Well what are you waiting for – email your entries today. But please read the rules that are listed below first… 1x1.trans Adventures in Firearm Training

Comments

  1. That’s the kind of gun control I’m in favor of! If you’re going to buy a firearm, you should learn how to use it properly.

  2. Excellent story about responsibility. Way too many people skip the step about getting training. You too all the right steps, in the right order.

  3. Agree with John: gun control means knowing how to handle your ‘gun’ in all situations, not just when it’s sending lead down range.

    Next up- get back to that local range and get involved with IDPA, IPSC, steel, target and self defense croups. You’ll learn a lot from the people who do those kind of venues- though some may not be ‘expert’, it’s all worth learning.

    Most of all, enjoy your newly discovered freedom, don’t hide it in a closet.

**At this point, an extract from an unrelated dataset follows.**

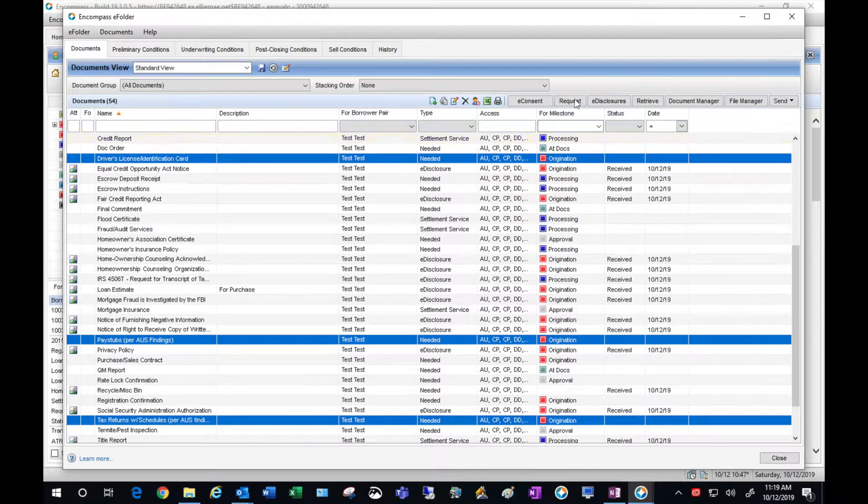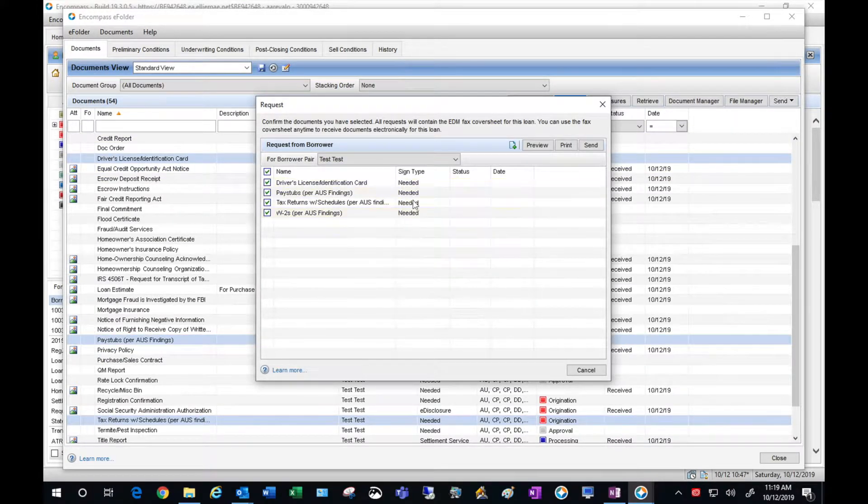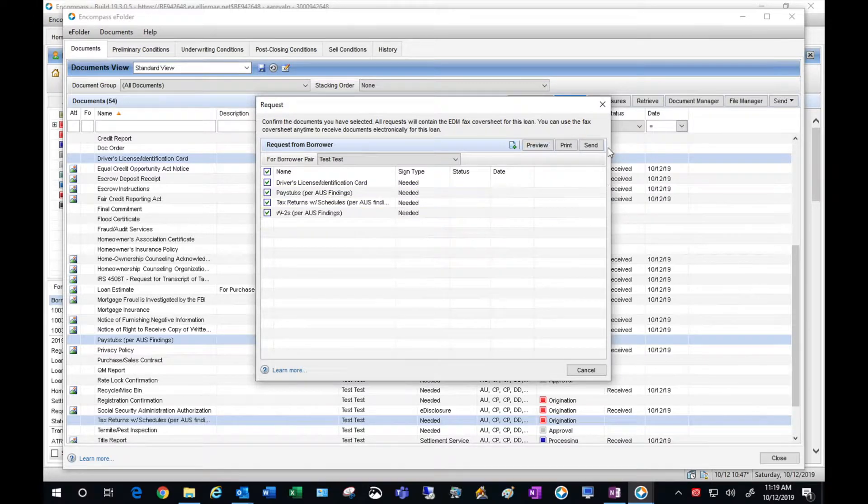Once you've selected your items, hit the Request button. And you can see here's the list of the items we are requesting, go ahead and hit Send.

  4. You don’t have to be a novice to benefit from professional instruction. I have seen many glaring safety infractions by experienced shooters. From personal experience we can all pick up bad habits. And I have. I also corrected them. Hopefully, anyone seeing something done improperly at the range will be quickly corrected by other shooters. I always thank them, even when they are a bit harsh. I’ve seen range accidents. Fortunately no one was hurt, but my heart skipped a few beats. One included a retired Army rifle instructor fire with people down range.

  5. Tactical G-Ma says:

    Perrin,
    Really good article.
    Before people can drive a boat in my state they must take a boaters safety course, pass an exam, and then have an endorsement added to the drivers license. Wonder if this might not be an option for future gun purchasers?

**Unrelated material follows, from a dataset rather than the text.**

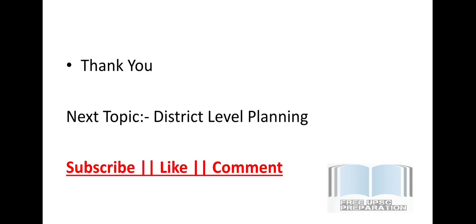So that is all for today. The next topic will be based on district-level planning. Don't forget to subscribe the channel, like the video, comment and share. Bye!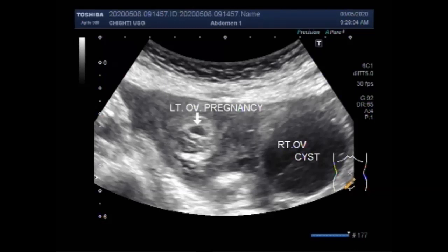Every pregnant woman should have an ovarian cyst — the corpus luteal cyst of pregnancy — which produces the hormone progesterone. When the corpus luteum is surgically removed before 11 weeks of gestation, most pregnancies will end in miscarriage.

  6. My mind is slipping- can I blame old timer’s disease?

    Another great opportunity to learn some solid gun handling skills is an Appleseed event. Just one day will teach you much about the basics of shooting- you’ll have to do your own search for advanced skills after the ‘Seed. And one fantastic aspect of the ‘Seed is you can use a .22 and save tons of cash.

  7. A great story of the RIGHT WAY to do things!
    You are NEVER TOO OLD to learn!
    My grandpa used to say, “when you think you know everything that’s when you have an accident.”

  8. Great article!
    I am constantly encouraging folks, especially women, to get training. They are too intimidated, but quickly find out how supportive the instructors can be and how much fun they have!
    I usually have friends come with me to the range, to show them that the big bad wolf doesn’t live there.

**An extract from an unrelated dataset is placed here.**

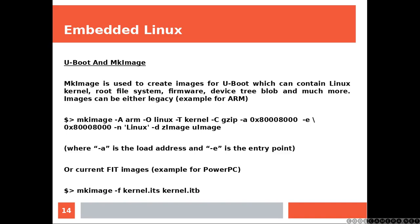Images can be either legacy, and the first line of code is going to create an image legacy mode for ARM processor.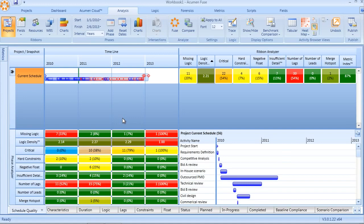The Fuse Schedule Quality Metric Library contains nine different metrics, all of which pertain to sequence, realism, and level of detail.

  9. Nice article. I recently put in for my NRA membership and absolutely plan to take some of their courses. Still waiting on firearm permit, though.

  10. I think it may be a mistake to think women need professional help more than men. I’ve seen way to many men with bad gun handleing/shooting habits. Women, IMHO are more ready to accept correction if delivered calmly.

    • EthanP,
      Absolutely true. In more than two decades of training, all things being equal (which they never are), I see women outshoot men hands down. They are both emotionally and physically better equipped to shoot in general. When a couple shows up to a class, I let them know that I’ll probably have her safe and on target before I break his bad habits. If you look at Olympic shooting events, you see the women dominate the sport.

      • Lol,
        I have seen many men take the walk of shame after taking their wives or girlfriends shooting, thinking that they would be bad shots. Jokes on you guys.

  11. Thanks for posting Perrin. I plan to become certified to teach the Basic Pistol course this year and it was great to hear your experience. I guess I’ll be buying some lunches too…

  12. People do not realize how much they would save in time and ammo, in getting proper training. A lot of my students that think they know how to shoot have a lot of bad habits, and a number of them have trouble qualifying. Where new shooters, often ace it

  13. The one thing I miss most about the military is being able to use the extended distance ranges, urban tactical and shoot houses. Shooting the Ma Deuce is also missed. Thanks to all of you who paid your taxes and allowed me to burn up all that ammo. I need to take a pistol course. The reflex memory not there so much for the pistol. With ammo prices the way they are, it ain’t easy keeping up on training.